China, a key player in the world economy has announced a US$586 bln economic stimulus package to boost its floundering economy. This announcement was welcomed with a more than 4 dollar surge in oil prices. US light sweet crude rose to US$65.3 a barrel in New York, Brent crude rose to US$61.7. A weakening dollar also propped up oil prices.
The Chinese cabinet announced a shift to an explicitly easy stance that central bank governor Zhou Xiaochuan said would mean faster money growth and more interest rate cuts. Beijing also confirmed that limits on bank lending had been removed. State-owned banks operate increasingly along commercial lines and could resist instructions to open credit akin to the refusal by state-owned oil firms earlier this year to refine more petrol because government-set prices meant they were making a loss.
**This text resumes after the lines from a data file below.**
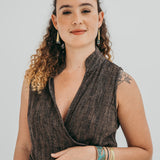 Brincos  Halley assimétricos com gancho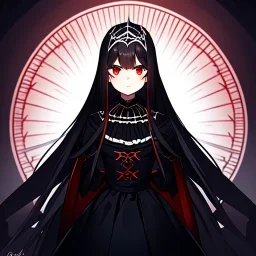 portrait anime vampire, long hair, red eyes, noble black robe, Blood, background Gothic castle, hyper detailed, intricately detailed, gothic, ambiguous lines image, flat dimensional style, flat lines, rough drawing --ar 2:3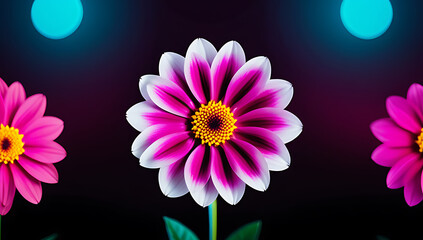 vibrant colorful flower design pantone paper cut unique pano piece creative projects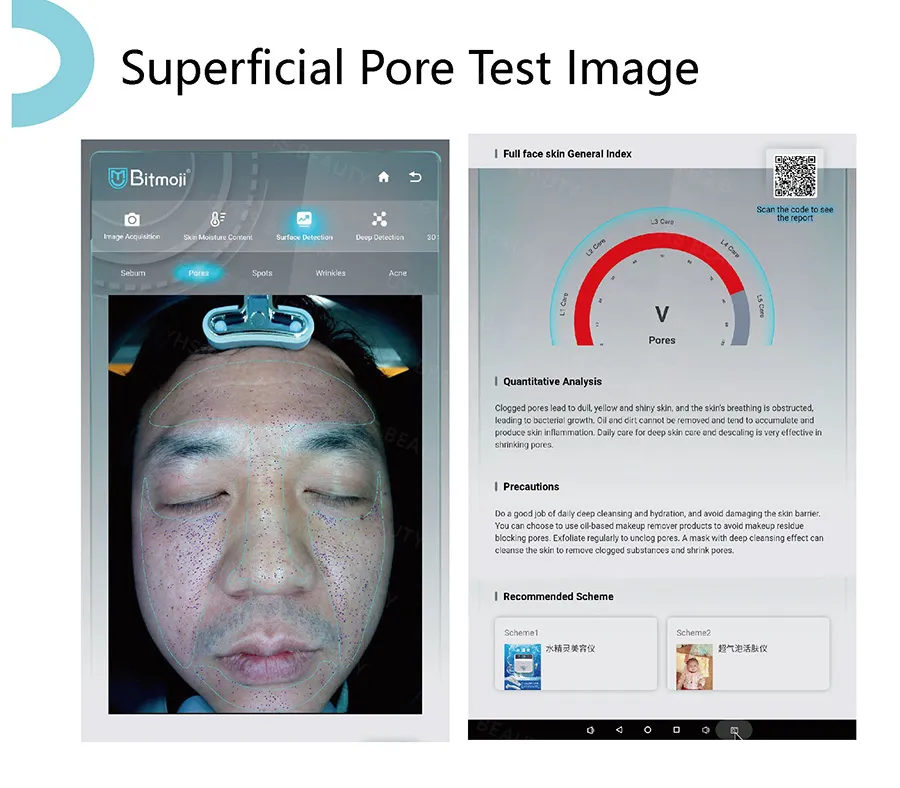 Ai Skin Scanner Machine for Skin Diagnosis Deep Facial Analysis Equipment 6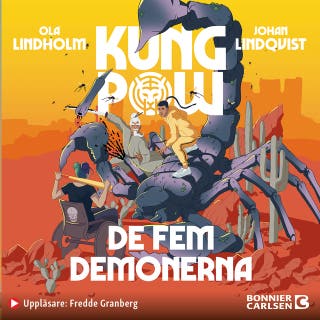 De fem demonerna – omslag till ljudboken av Johan Lindqvist,Ola Lindholm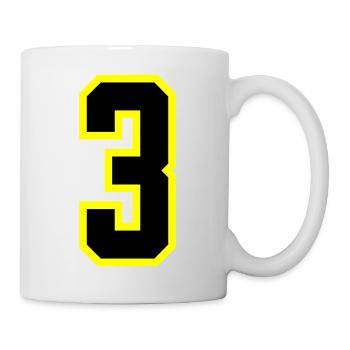 Justaucorps à 3 chiffres - Mug blanc - blanc - Droite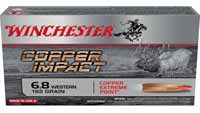 Winchester Ammo Copper Impact 6.8 Western 162 Grai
As global recession sets in and demand deteriorates in Europe and USA, exports from China have taken a hit. This resulted in reduced production, large stockpiles leading to squeezed cash flows and a pause in investments. This was coupled with another factor - the deferred effect of last year's tightening of credit to curb inflation and break the bubble of property prices. Together, both the factors acted on the confidence levels in China, that was thus far ensconced in a comfortable position that it was sheltered from the global credit crunch due to capital controls, a non-convertible currency and underdeveloped financial markets. Under panic, banks called in loans from smaller firms that form the backbone of the Chinese economy and also pulling back from foreign banks operating in China. Obtaining letters of credit became a tricky affair for importers and exporters. Manufacturing surveys for October plumbed record lows, steel and aluminum producers have slashed output and export orders booked at the recent Canton Trade Fair dropped by 17.5%. Sales at China Vanke - the biggest listed property developer, has plunged 22% this month from September.